Data provided:
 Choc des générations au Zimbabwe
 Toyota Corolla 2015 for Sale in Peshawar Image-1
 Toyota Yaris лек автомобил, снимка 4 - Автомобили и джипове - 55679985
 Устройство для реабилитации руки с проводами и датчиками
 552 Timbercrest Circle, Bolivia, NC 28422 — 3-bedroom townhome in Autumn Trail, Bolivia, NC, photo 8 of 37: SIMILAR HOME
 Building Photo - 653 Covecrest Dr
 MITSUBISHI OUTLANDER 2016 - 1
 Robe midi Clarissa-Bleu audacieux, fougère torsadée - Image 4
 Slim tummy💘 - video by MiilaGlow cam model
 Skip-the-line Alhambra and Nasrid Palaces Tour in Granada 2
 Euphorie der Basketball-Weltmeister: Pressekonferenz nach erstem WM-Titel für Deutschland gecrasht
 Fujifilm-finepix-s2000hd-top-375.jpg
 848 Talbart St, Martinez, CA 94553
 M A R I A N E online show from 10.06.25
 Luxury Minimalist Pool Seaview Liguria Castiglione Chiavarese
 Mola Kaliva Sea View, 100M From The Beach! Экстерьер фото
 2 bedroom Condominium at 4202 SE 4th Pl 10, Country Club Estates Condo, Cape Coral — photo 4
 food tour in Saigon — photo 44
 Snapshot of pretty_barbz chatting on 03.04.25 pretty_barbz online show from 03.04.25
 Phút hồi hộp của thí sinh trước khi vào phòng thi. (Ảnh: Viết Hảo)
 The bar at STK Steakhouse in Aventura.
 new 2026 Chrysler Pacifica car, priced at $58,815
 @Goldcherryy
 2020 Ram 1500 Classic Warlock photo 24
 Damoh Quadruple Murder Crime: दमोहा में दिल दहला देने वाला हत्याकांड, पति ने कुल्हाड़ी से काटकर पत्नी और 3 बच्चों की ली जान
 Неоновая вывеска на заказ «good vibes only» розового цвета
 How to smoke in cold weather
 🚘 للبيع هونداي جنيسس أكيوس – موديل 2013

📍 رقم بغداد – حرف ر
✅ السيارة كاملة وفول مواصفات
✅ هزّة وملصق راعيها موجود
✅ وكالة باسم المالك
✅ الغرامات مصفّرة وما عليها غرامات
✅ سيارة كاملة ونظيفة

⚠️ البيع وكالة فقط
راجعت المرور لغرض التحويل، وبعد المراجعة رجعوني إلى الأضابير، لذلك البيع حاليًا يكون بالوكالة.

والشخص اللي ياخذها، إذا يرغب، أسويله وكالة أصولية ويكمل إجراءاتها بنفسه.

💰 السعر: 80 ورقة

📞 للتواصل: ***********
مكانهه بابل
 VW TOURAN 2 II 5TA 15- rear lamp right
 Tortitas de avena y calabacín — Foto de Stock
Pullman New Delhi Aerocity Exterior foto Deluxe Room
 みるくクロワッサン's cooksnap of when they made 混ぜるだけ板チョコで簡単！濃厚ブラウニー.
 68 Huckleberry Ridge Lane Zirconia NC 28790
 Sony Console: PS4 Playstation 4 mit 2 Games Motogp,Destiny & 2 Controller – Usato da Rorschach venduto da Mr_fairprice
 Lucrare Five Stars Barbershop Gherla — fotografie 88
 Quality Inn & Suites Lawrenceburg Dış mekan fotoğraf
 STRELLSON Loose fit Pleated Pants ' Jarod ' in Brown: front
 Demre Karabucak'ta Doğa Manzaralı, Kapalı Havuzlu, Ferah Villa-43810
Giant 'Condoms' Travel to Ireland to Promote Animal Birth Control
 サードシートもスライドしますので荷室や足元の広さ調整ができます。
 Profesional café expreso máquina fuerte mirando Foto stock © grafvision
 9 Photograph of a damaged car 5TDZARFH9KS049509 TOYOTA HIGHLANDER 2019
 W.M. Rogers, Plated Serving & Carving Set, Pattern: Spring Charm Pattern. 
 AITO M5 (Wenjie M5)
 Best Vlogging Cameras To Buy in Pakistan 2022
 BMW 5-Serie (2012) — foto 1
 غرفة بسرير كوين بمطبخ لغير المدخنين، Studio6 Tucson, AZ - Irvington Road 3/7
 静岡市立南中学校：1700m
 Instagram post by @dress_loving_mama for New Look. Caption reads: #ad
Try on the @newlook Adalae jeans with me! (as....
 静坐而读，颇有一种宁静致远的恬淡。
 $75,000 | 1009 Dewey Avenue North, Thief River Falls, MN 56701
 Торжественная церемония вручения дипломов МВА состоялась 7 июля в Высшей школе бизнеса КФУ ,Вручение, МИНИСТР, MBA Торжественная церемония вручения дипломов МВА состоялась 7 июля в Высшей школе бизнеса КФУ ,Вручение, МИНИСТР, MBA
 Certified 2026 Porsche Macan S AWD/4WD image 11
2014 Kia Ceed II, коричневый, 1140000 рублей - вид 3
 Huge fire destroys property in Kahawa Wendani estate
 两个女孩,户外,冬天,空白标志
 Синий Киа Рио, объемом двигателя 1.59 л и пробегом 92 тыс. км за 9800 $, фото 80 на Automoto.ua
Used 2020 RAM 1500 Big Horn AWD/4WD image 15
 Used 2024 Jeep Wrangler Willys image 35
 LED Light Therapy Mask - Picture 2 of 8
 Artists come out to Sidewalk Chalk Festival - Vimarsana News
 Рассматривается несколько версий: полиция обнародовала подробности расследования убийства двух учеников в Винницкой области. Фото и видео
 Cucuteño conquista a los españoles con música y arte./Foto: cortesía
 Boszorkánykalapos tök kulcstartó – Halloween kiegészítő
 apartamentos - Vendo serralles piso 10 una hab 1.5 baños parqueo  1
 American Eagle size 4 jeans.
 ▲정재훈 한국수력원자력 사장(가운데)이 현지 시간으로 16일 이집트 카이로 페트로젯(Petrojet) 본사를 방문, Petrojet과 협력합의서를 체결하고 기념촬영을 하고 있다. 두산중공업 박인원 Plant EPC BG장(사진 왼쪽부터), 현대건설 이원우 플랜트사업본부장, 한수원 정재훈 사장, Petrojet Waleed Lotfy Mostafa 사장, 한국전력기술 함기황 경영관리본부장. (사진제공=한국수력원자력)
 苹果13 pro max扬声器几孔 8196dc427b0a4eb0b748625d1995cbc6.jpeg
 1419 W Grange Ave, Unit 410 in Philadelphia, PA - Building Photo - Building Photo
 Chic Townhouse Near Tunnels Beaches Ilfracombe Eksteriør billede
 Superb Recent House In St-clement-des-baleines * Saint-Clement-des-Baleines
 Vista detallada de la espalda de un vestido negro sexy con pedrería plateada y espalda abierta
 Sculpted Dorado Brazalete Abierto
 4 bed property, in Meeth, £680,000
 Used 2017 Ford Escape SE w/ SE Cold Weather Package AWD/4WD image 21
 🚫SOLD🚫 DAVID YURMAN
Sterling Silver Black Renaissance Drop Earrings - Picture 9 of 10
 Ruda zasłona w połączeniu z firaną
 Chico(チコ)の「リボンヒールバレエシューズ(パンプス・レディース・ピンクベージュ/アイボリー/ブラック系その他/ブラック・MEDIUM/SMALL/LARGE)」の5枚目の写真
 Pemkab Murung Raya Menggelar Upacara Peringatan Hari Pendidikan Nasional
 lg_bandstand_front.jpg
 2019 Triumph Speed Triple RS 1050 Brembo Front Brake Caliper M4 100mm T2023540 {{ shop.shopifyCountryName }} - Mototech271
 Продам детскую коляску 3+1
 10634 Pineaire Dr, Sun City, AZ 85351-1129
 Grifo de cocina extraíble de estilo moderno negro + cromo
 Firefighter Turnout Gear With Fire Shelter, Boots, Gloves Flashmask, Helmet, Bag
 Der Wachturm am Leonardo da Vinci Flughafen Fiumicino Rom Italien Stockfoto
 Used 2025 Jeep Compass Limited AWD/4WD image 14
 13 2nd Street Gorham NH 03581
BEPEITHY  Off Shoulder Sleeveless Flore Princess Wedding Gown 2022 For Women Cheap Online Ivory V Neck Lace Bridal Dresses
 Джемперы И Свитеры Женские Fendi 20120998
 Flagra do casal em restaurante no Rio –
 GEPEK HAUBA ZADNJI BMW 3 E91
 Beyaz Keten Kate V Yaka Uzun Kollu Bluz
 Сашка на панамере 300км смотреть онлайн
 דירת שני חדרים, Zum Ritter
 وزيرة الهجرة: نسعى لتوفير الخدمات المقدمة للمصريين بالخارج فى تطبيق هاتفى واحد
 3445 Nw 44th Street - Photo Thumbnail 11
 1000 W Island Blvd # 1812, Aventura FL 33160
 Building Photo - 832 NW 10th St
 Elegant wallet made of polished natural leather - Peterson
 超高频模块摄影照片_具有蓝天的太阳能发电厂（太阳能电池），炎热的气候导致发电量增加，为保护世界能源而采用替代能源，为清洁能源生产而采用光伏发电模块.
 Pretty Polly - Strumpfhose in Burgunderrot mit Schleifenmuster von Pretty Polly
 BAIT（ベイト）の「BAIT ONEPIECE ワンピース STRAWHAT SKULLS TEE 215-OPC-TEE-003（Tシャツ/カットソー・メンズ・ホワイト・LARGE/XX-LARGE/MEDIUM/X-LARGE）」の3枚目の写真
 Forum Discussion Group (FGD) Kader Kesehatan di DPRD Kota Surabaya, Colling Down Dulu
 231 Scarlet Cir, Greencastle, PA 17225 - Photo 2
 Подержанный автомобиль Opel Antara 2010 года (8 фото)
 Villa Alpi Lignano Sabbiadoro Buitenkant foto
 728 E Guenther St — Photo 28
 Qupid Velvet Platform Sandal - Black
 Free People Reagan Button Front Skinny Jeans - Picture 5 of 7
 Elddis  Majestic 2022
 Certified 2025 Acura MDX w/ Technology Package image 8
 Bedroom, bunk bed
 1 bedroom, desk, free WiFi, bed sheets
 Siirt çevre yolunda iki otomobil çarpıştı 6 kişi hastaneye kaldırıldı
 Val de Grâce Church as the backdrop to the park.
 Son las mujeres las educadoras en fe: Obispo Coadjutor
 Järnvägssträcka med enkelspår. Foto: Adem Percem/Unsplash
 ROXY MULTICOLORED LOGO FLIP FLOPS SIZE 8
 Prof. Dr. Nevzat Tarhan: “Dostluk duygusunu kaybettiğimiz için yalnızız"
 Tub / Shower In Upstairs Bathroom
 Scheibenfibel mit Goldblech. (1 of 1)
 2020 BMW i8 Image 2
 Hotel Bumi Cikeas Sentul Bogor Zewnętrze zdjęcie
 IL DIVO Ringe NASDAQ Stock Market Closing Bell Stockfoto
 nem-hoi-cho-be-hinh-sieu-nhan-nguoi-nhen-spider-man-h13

Exercise: From the data above, reproduce word for word the lines running from the line with "راجعت المرور لغرض" to the line with "Profesional café expreso", ends included.

Result of this task:
راجعت المرور لغرض التحويل، وبعد المراجعة رجعوني إلى الأضابير، لذلك البيع حاليًا يكون بالوكالة.

والشخص اللي ياخذها، إذا يرغب، أسويله وكالة أصولية ويكمل إجراءاتها بنفسه.

💰 السعر: 80 ورقة

📞 للتواصل: ***********
مكانهه بابل
 VW TOURAN 2 II 5TA 15- rear lamp right
 Tortitas de avena y calabacín — Foto de Stock
Pullman New Delhi Aerocity Exterior foto Deluxe Room
 みるくクロワッサン's cooksnap of when they made 混ぜるだけ板チョコで簡単！濃厚ブラウニー.
 68 Huckleberry Ridge Lane Zirconia NC 28790
 Sony Console: PS4 Playstation 4 mit 2 Games Motogp,Destiny & 2 Controller – Usato da Rorschach venduto da Mr_fairprice
 Lucrare Five Stars Barbershop Gherla — fotografie 88
 Quality Inn & Suites Lawrenceburg Dış mekan fotoğraf
 STRELLSON Loose fit Pleated Pants ' Jarod ' in Brown: front
 Demre Karabucak'ta Doğa Manzaralı, Kapalı Havuzlu, Ferah Villa-43810
Giant 'Condoms' Travel to Ireland to Promote Animal Birth Control
 サードシートもスライドしますので荷室や足元の広さ調整ができます。
 Profesional café expreso máquina fuerte mirando Foto stock © grafvision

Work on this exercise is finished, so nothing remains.